- **Exercise details**
An acceptable answer repeats exactly the line containing "ŠTÝRSKÉ PÁREČKY 100 g" and all lines that follow it in the listing below, and it includes no pictures.
[Opening Dataset section section]
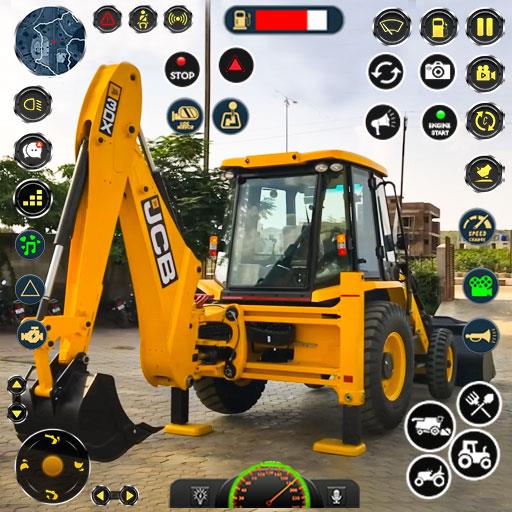 JCB Construction Excavator Simicon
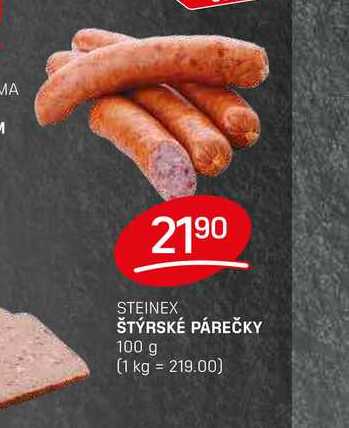 ŠTÝRSKÉ PÁREČKY 100 g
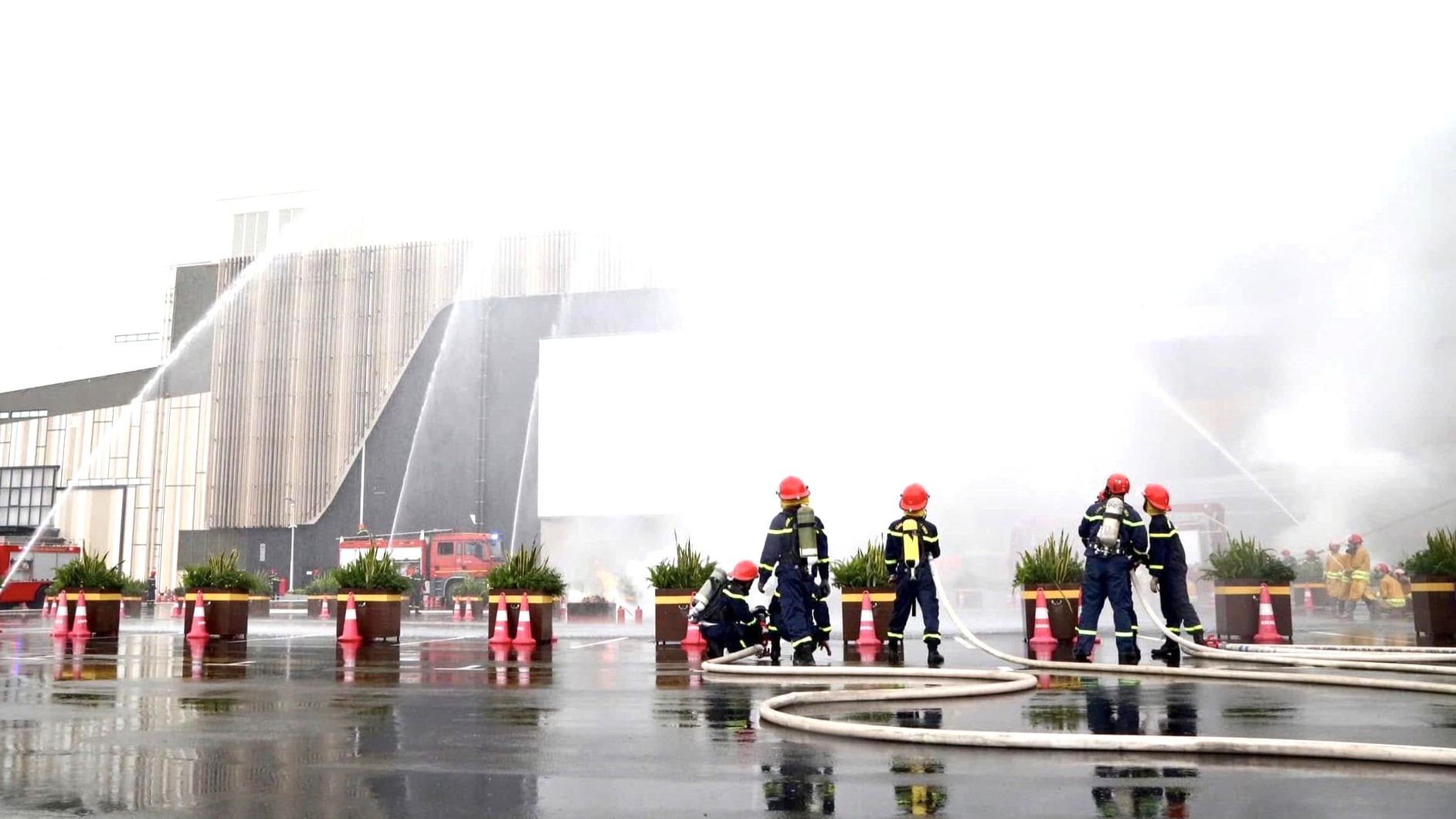 Chuẩn bị thực tập chữa cháy, cứu nạn quy mô lớn tại Aeon Mall Huế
[Closing Dataset section section]
- **Your response**
 ŠTÝRSKÉ PÁREČKY 100 g
 Chuẩn bị thực tập chữa cháy, cứu nạn quy mô lớn tại Aeon Mall Huế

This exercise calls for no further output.